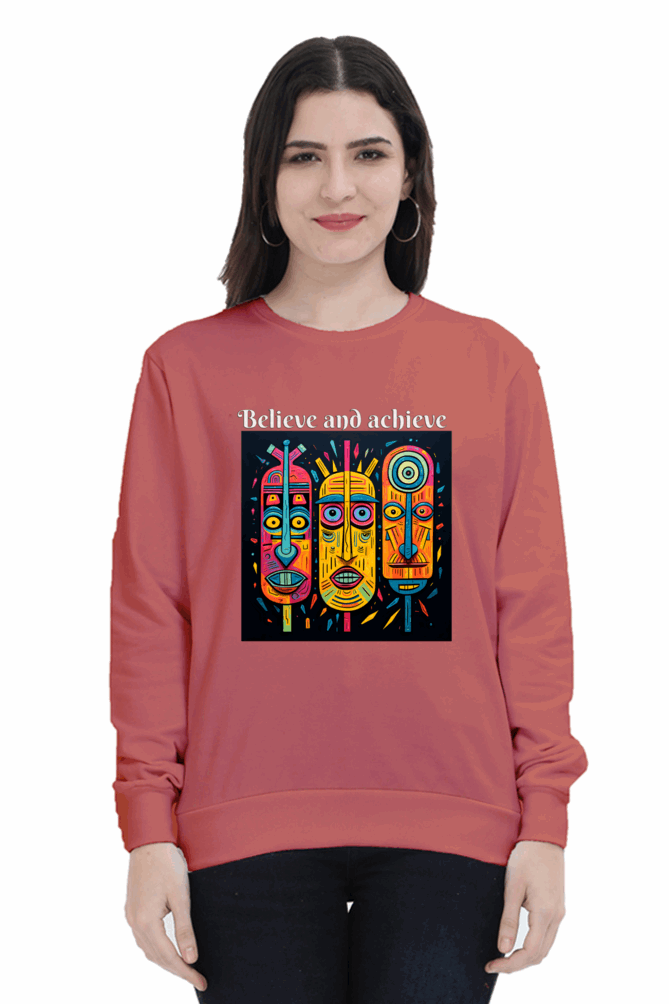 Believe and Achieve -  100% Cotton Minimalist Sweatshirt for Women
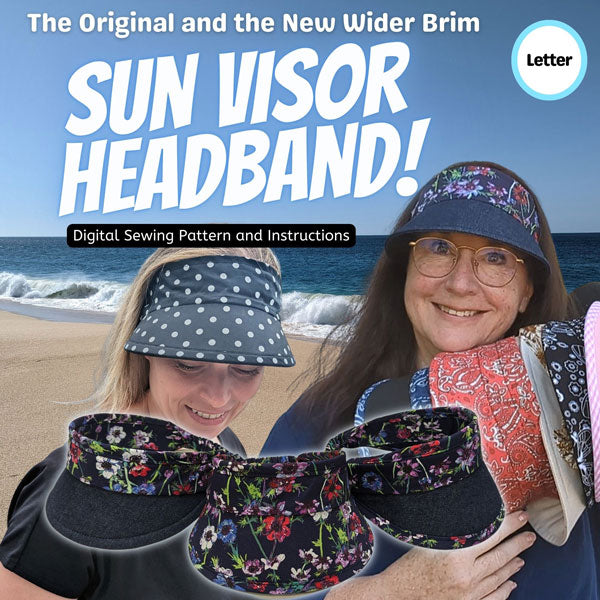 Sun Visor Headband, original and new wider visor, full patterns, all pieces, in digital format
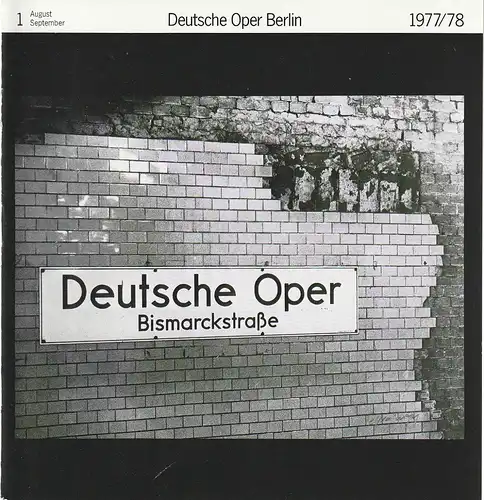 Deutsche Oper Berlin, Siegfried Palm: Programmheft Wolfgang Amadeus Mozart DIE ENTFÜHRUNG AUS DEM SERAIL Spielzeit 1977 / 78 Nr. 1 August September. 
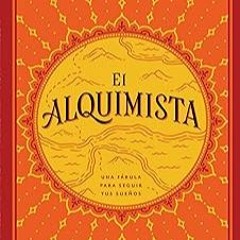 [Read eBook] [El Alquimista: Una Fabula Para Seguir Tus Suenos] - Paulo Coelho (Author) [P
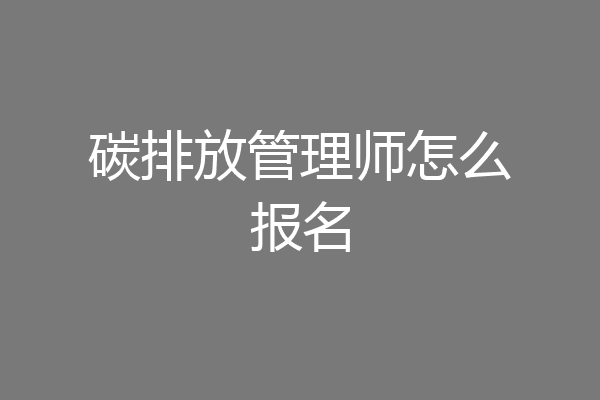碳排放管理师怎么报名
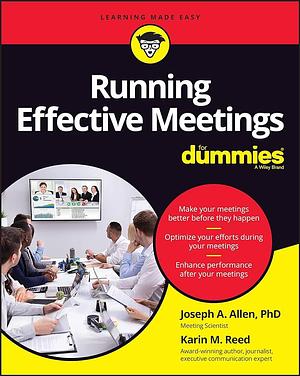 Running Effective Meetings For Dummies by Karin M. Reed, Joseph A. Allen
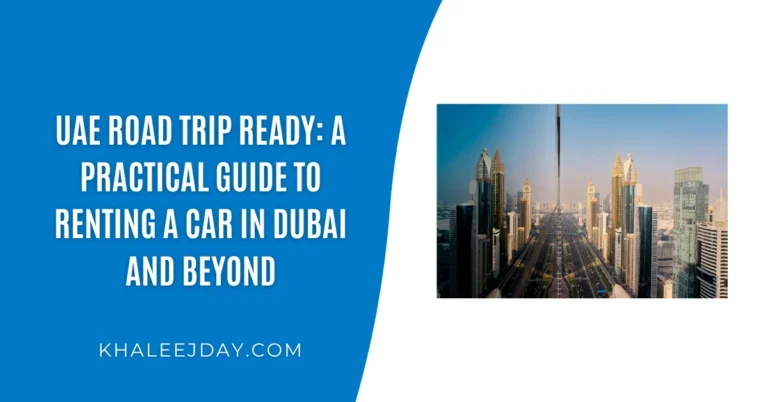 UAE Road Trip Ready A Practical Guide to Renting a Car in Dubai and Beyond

* _Task to complete_
Every line above should be returned word for word, with the pictures left behind.

* _Task answer_
 Believe and Achieve -  100% Cotton Minimalist Sweatshirt for Women
 Sun Visor Headband, original and new wider visor, full patterns, all pieces, in digital format
 Deutsche Oper Berlin, Siegfried Palm: Programmheft Wolfgang Amadeus Mozart DIE ENTFÜHRUNG AUS DEM SERAIL Spielzeit 1977 / 78 Nr. 1 August September. 
 [Read eBook] [El Alquimista: Una Fabula Para Seguir Tus Suenos] - Paulo Coelho (Author) [P
碳排放管理师怎么报名
 Running Effective Meetings For Dummies by Karin M. Reed, Joseph A. Allen
 UAE Road Trip Ready A Practical Guide to Renting a Car in Dubai and Beyond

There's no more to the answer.